Many divorcing couples decide how to split property and debts so the courts do not decide. However, in a contested divorce, the judge dispensing North Dakota law is the deciding factor.
There are three facts about property division spouses should think about when getting ready to head to divorce court.
1. Equitable distribution
Like most states in the US, North Dakota is an equitable distribution state. It is a process that guides courts on how to divide property gained by spouses during the marriage.
Equitable does not necessarily mean equal. The judge considers certain factors when splitting assets and debts, including:
- Length of marriage
- Spouses’ needs
- Financial contribution of each spouse
The court may then award each spouse a percentage of the property.
2. Marital versus separate property
Property in a divorce becomes divided into two groups: marital and separate.
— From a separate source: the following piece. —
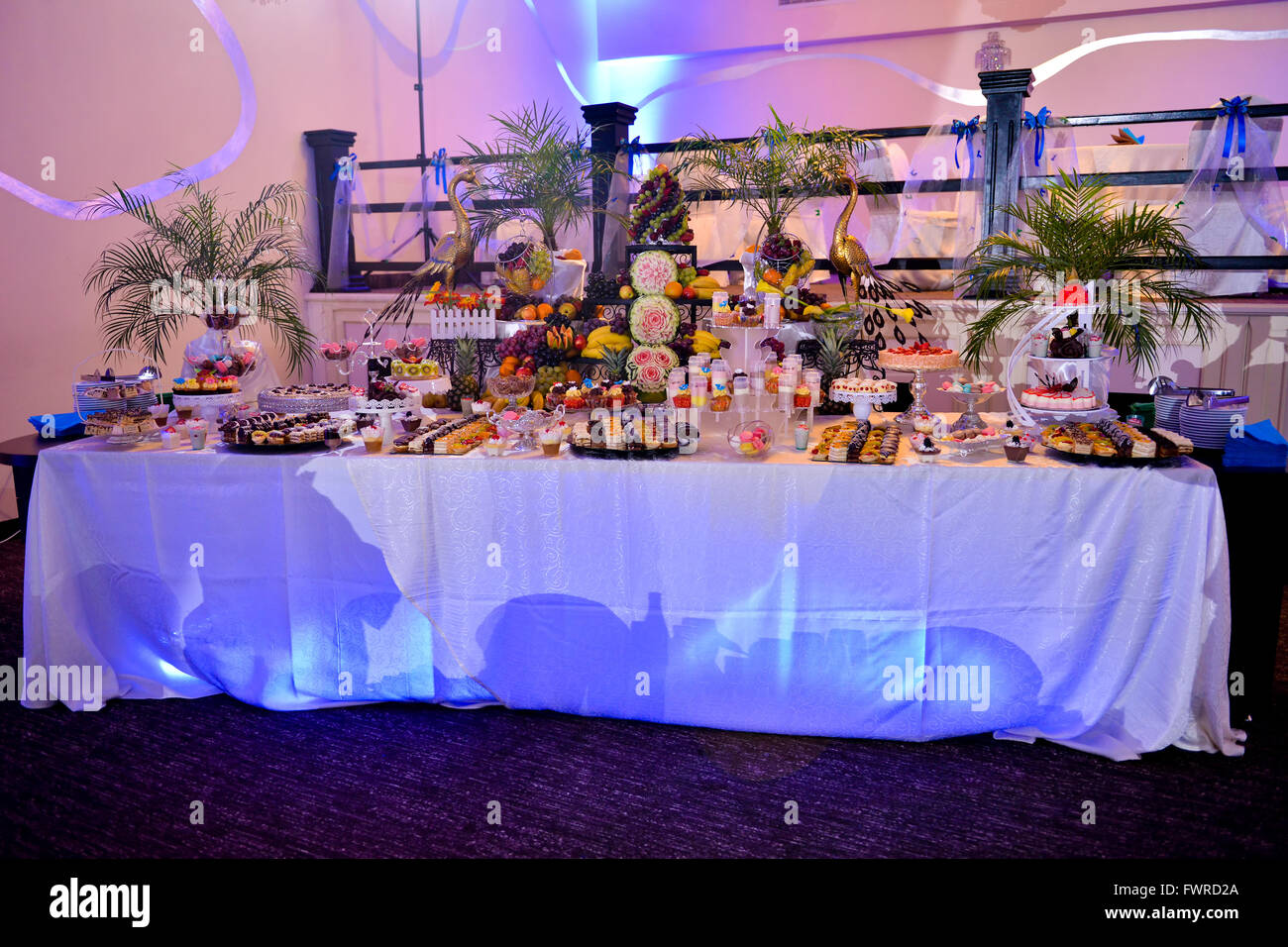Candy bar con un sacco di biscotti e frutta durante il matrimonio Foto Stock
Marital property is everything gotten during the marriage. Assets owned before the marriage is separate property. Like assets, debts received as a couple becomes subject to distribution between the parties.
Both types become subject to division during a divorce. Courts divide the marital property first so spouses may keep their separate property.
3. Property division agreement
A third party does not need to decide on property division. A couple can decide on dividing property by using a prenup. The prenuptial agreement is a legal document created before the marriage. Adding a property division agreement gives the parties the right to decide and negates North Dakota’s property division laws.
The courts can redistribute the property and debts if it finds one spouse tried to hide anything or failed to follow the terms of the order.